This is my take. 1) the kid has had a rough life and both he and his a parents were neither probably prepared for the tremendous challenges in an international adoption at this age. 2) The government found out about his story and jumped on it to publicize their ban on American adoptions. 3) This plays right into their hands. 4) How do we know this kid even said the things quoted from him? 5) How do we not know he was paid or somehow compensated for his story? 6) I have no doubts the Putin government would manipulate this kid for their own purposes in a New York minute.

Do we know for sure he was not abused in either( or both) homes? It is a fact that most alcoholic parents lash out at their family much more frequently than sober parents. It could very well be his adoptive parents gave him the first structure and rules in his life and it was too much for him.

I doubt we will get the full story but I too feel this kid will wake up some day with a great deal of regret for blowing his one chance to escape the crushing poverty and alcoholism which seems to be in his family.

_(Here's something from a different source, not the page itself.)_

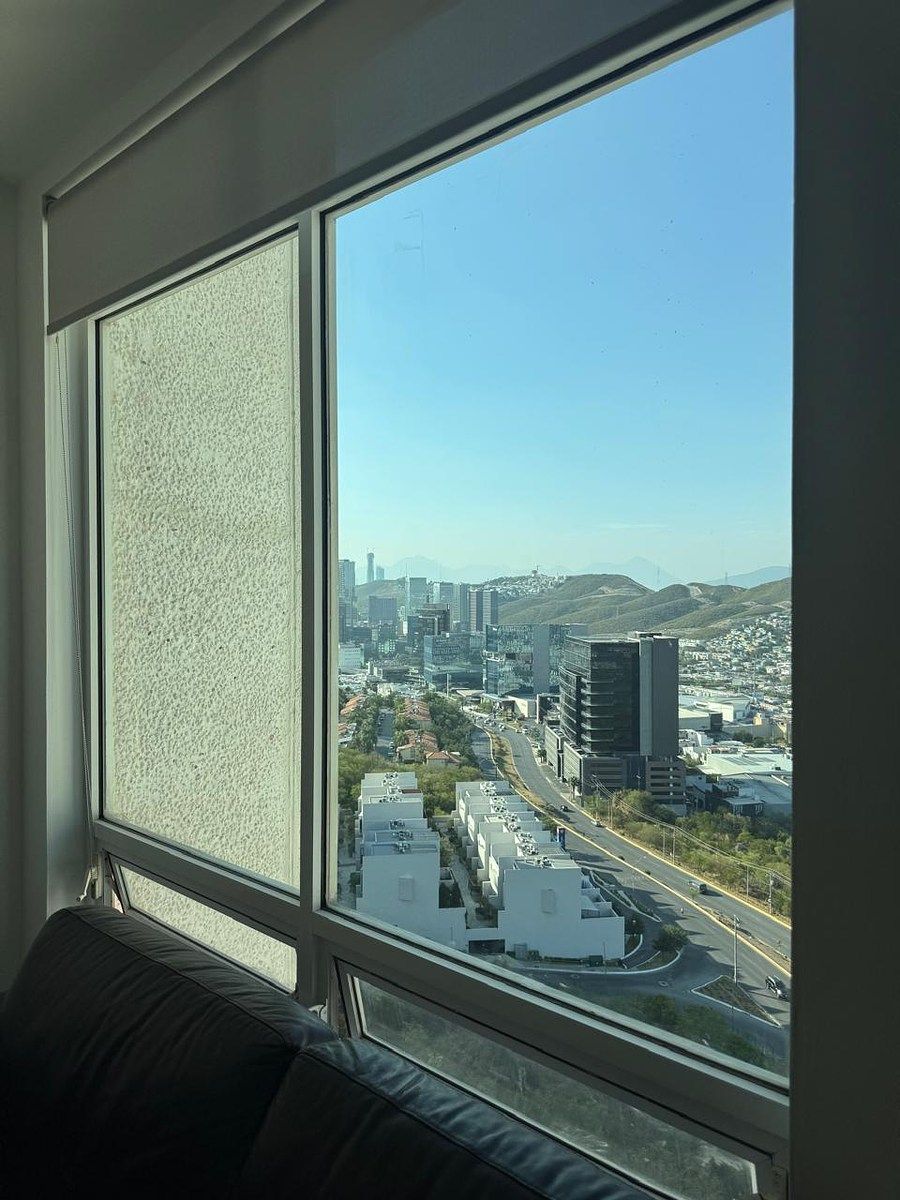 Departamento en Jardín de las Torres, Monterrey, foto 13 de 41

I agree. Teenagers frequently feel that they are being nagged. And, frequently, they well may be! Being a part of a family entails conforming to, and abiding by; certain standards of behavior.
Loving parents are not always best friends with their parents.

In light of what has happened with Russia, as of late; I'm not surprised that Putin would use a disgruntled teenager for his purposes.

Post Institutionalized children frequently have issues with authority. many can be manipulative.
I don't know enough about this, but a ticket to Russia would be the very last thing that I would have bought this kid. I'd also have taken him off the streets.

As far as FAE is concerned, there are no facial features associated with it.

It is my hope that this boy leaves Russia and returns home.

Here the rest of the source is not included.